I told one of my sons I was writing about interest tracing and his response was, “I know both those words, but I don’t know what they mean when you put them together like that.” Like many things in the tax law, this is one of those concepts that doesn’t seem important to know until it applies to your personal tax situation. The strange thing is the rules for interest tracing apply to many more tax payers than you’d think, most just don’t realize it because they fall into special exceptions to the rules. Some of the recently proposed tax law changes could bring interest tracing to the surface for more tax payers – especially real estate investors – so I thought I’d get a head start on it.

Interest tracing rules involve the deductibility of loan interest expenses from your taxes. Some loan interest is deductible. The most commonly deducted loan interest is the mortgage interest from a tax payer’s primary residence. Some loan interest is not deductible. Interest payments on loans for your personal car fall into this non-deductible category. Many people are familiar with these common examples, which sets up the misconception that how you borrow the money determines its deductibility. Actually, it is (normally) just the opposite.

Under current tax law, how you spend the money is (nearly always) more important than how you borrowed the money. Most people believe the IRS cares more about the collateral used to secure the loan than how the money is spent. The bank (lender) cares a lot about collateral, but the IRS cares more about where the borrowed money ends up. The reason most people don’t know this is because a common way they typically borrow money and deduct loan interest (using their home as collateral) are the exceptions to the rule.

The Internal Revenue Code (Section 163) defines 5 types of interest:

• Qualified residence interest (mortgage interest on your residence and one vacation property)
• Business interest (money borrowed to support a business)
Passive activity interest (interest on rental properties)
• Investment interest (money borrowed to purchase stocks or bonds, margin interest)
• Consumer interest (personal stuff – generally not deductible)

The General Rule

The general rule is the deductibility of the loan interest is a function of where the money was spent. As long as everything stays in its lane there is usually no confusion about this. For example, I borrowed money to purchase my residence, using the house as collateral for the loan. I deduct my qualified residence mortgage interest from my taxes as a personal deduction on Schedule A – simple and straightforward. Or…

I purchase a rental property with a loan using the rental property as collateral for the loan. I can then deduct the interest on that loan as a business expense on Schedule E of my tax return – also simple and straightforward.

Where things can get messy is when you ‘cross the streams’. Let’s look at some examples.

Example 1. I have a rental property worth $200,000 and my current mortgage on that property is $100,000. I refinance the property for $150,000. I use $100,000 of the new loan to pay the old loan. Then I take the extra $50,000 and buy a boat for my personal use. Can I deduct all the interest on the loan on my Schedule E?
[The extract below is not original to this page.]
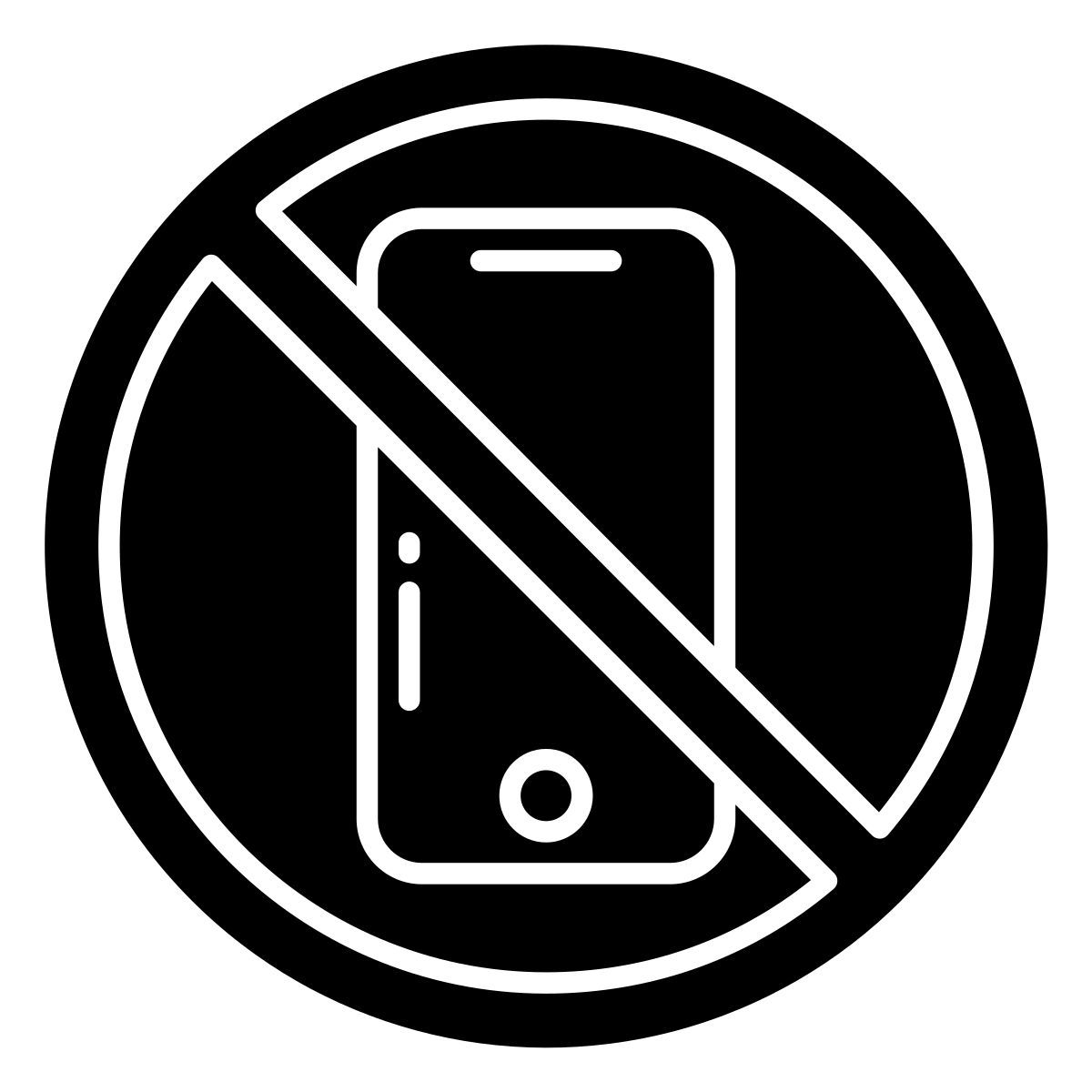 no phone icon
No. When we trace the interest we find that 2/3 of the interest (interest on $100,000 of the $150,000 refinance loan) is used to finance the rental property (passive activity interest) and 1/3 was used for my boat (consumer interest). I can only deduct 2/3 of the interest on that loan on my schedule E. The $50,000 I spent on my boat has no connection to my rental property business and is not deductible on my taxes.

Example 2. Same as above. I owe $100,000 on my rental property and refinance for $150,000. I use the additional $50,000 to pay down the mortgage on my primary residence. I can deduct 2/3 of the interest on my Schedule E, but can I deduct the interest on the $50,000 I put into my personal residence?

No, you cannot. That $50,000 was not spent on the rental property, so it is not deductible on schedule E. While interest paid on a primary residence or second home can be deductible, the loan must be secured by the primary residence or a second home to be deductible on Schedule A. (This is the rare case where the IRS cares about collateral.)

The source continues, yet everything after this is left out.